翌日、お昼頃にルノアお姉ちゃんとミーシャお姉ちゃんに連れられてユウお姉ちゃんのお店へやって来た。
ユウお姉ちゃんのお店はママのお店みたいに大通りの大きなお店じゃないけど、貴族様や宮廷からもお仕事が入るすごいお店だとママが言っていた。
「ああ、いらっしゃい」
「「「お邪魔します」」」
お店に入ると、カウンターで黒い髪のお姉さんがお店番をしていた。ユウお姉さんだ。
ルノアお姉ちゃんと同じくらいに見えるけど、もっと年上らしい。
「リリは上に居るからね」
「はい」
ユウお姉さんに見送られてカウンターの横からお邪魔して、奥の階段を登った。
すると、2階の部屋からリリお姉ちゃんが出て来て私達を迎えてくれた。
「みんな、いらっしゃい。お茶会の準備出来てるよ」
「こんにちは、リリ」
「お世話になります、リリ様」
リリお姉ちゃんはブラウンの髪を肩くらいで切り揃えていて、とても明るくて優しい人だ。
「アリスちゃんもいらっしゃい」
「こんにちは、リリお姉ちゃん!」
リリお姉ちゃんは私達をお部屋に招き入れてくれた。
お部屋に入ると、壁一面に沢山の本やお薬の瓶、カラカラになった葉っぱやよく分からない粉が置いてあった。
テーブルには不思議な香りのお茶と沢山のお菓子が用意されている。
「この薬茶はこの前、近くの山で採取した薬草で作ったんだ」
「リリ様が作られたのですか?」
「うん、師匠に教えて貰ったんだ。
お菓子も私が作ったんだよ」
「美味しそうだね。
そうそう、私達もお菓子を作って来たんだ」
そう言ってルノアお姉ちゃんが下げていたカゴからパイやチョコレートを入れたパンケーキを取り出した。
このお菓子は私も一緒に3人で作った物だ。
お屋敷の料理人さんも上手に出来ていると褒めてくれたので、ママやミレイお姉ちゃんにも渡しておいた。

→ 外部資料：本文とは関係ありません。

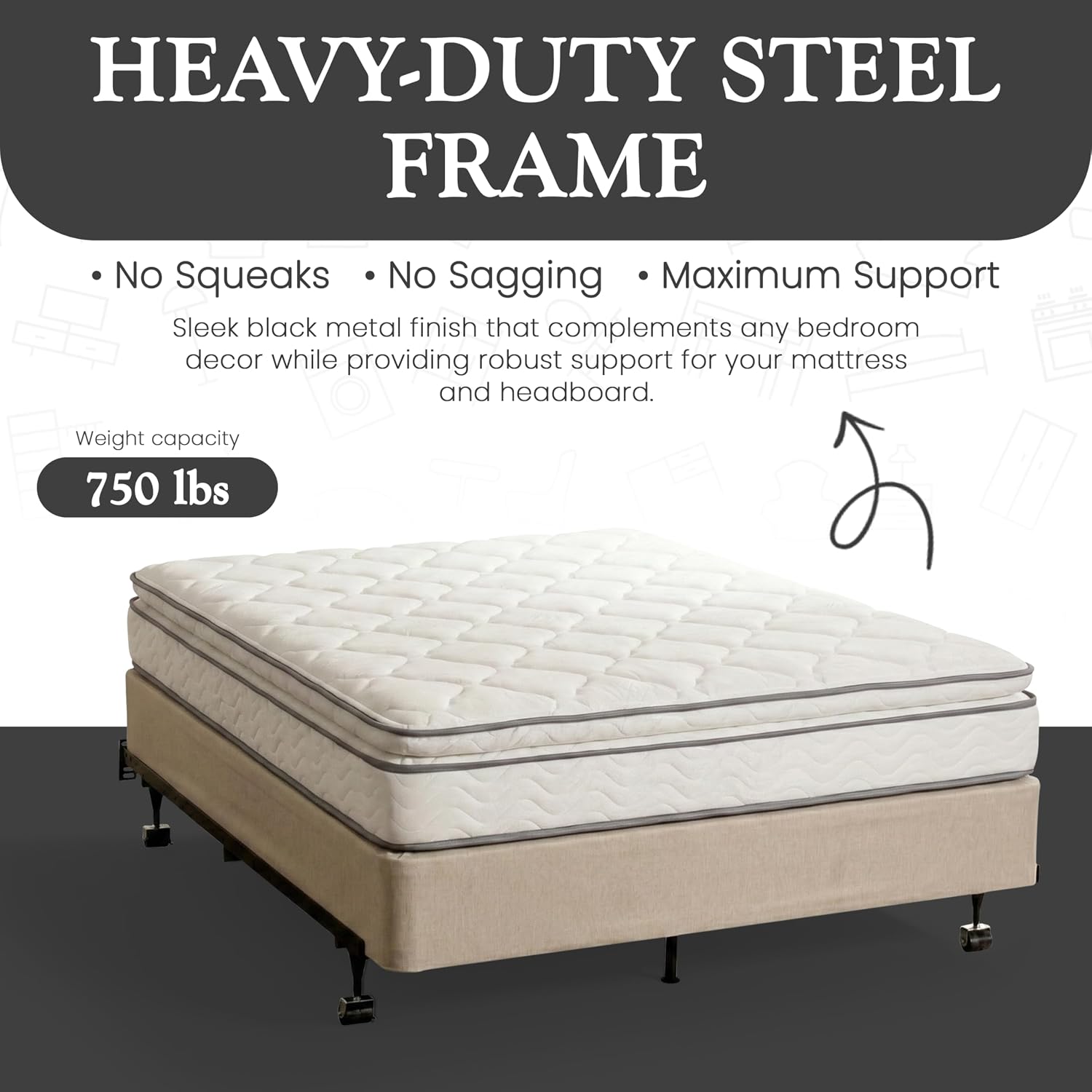 Kings Brand Furniture Queen Metal Bed Frame – Heavy Duty Support for Box Spring & Mattress Foundation with Center Rail, Locking Wheels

みんなで椅子に座って不思議な香りのお茶とお菓子を頂きながらお喋りをする。
リリお姉ちゃんは、ユウお姉ちゃんに幾つかのお薬をお店で売っても良いって言われて嬉しかったそうだ。
ルノアお姉ちゃんは最近、冒険者のお仕事も始めたらしく、偶にリリお姉ちゃんの作ったお薬を買いに来るらしい。
ミーシャお姉ちゃんは前にお出かけした街で、怖い人に勝てなかったのが悔しかったけど、今は強くなるだけじゃなくて、もっと出来る事を増やそうとお勉強を頑張っていると言っていた。
みんなすごいと思う。
私ももっと勉強して、魔法も沢山使える様になりたいな。